Reproduce the records word for word, leaving out any pictures they hold.

╭─ Entries provided

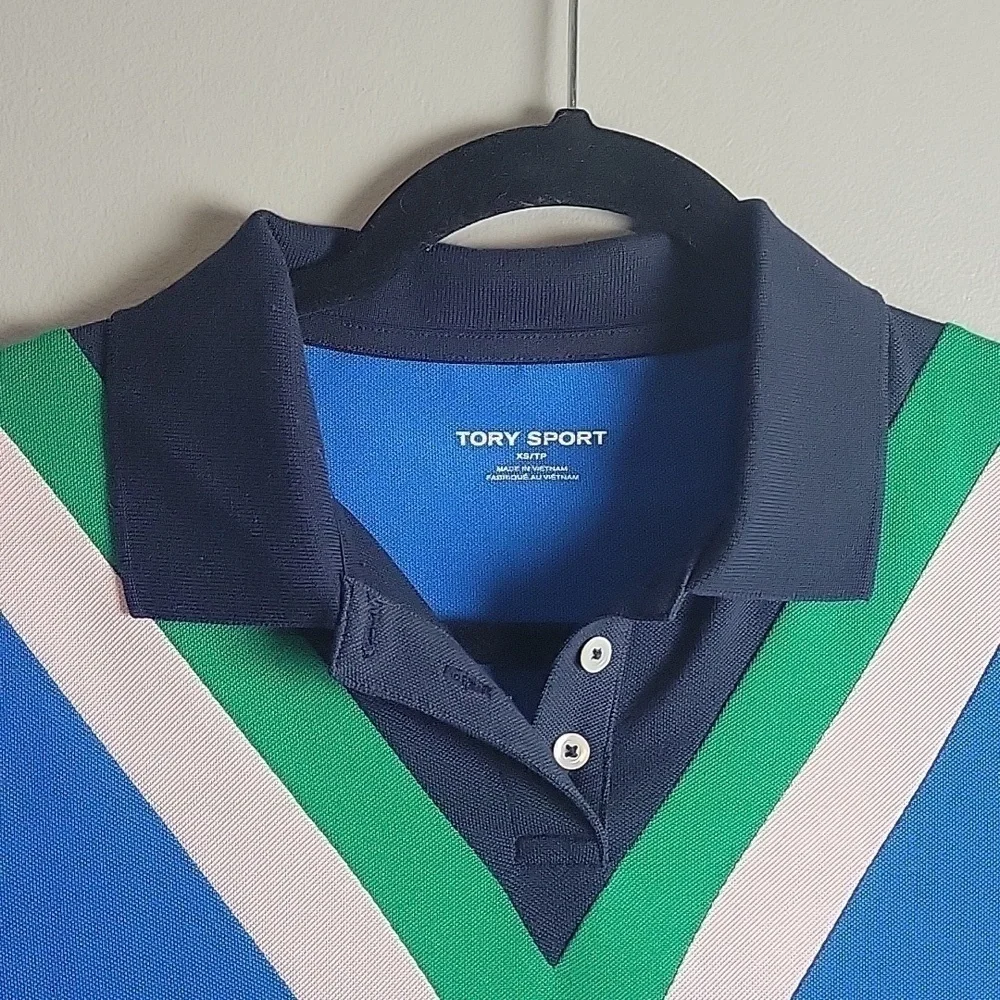 Tory Sport- Pique Chevron Polo Golf Dress Galleria Blue-Size XS
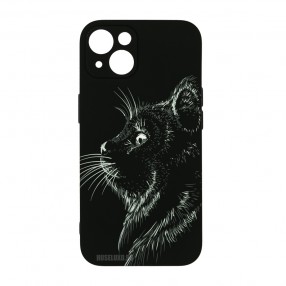 Husa iPhone 13 LUXO TPU - Black Cat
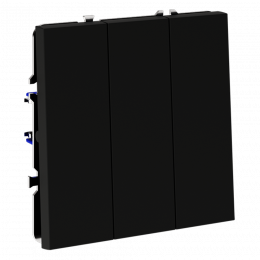 Выключатель встраиваемый VOLTUM S70 трехклавишный (черный матовый) VLS030108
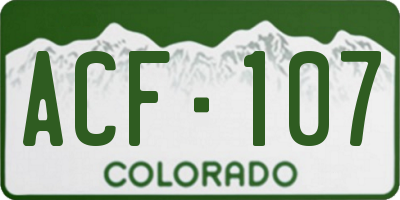 CO license plate ACF107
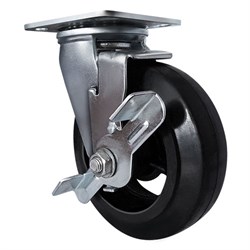 Колесо большегрузное обрезиненное поворотное с тормозом Longway SCdb 63 - фото 811606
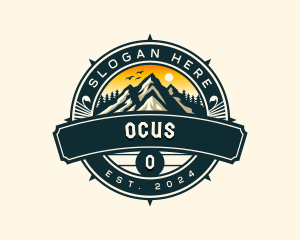 Outdoor Compass Mountain logo design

╰─

■ Task response
 Tory Sport- Pique Chevron Polo Golf Dress Galleria Blue-Size XS
 Husa iPhone 13 LUXO TPU - Black Cat
 Выключатель встраиваемый VOLTUM S70 трехклавишный (черный матовый) VLS030108
 CO license plate ACF107
 Колесо большегрузное обрезиненное поворотное с тормозом Longway SCdb 63 - фото 811606
 Outdoor Compass Mountain logo design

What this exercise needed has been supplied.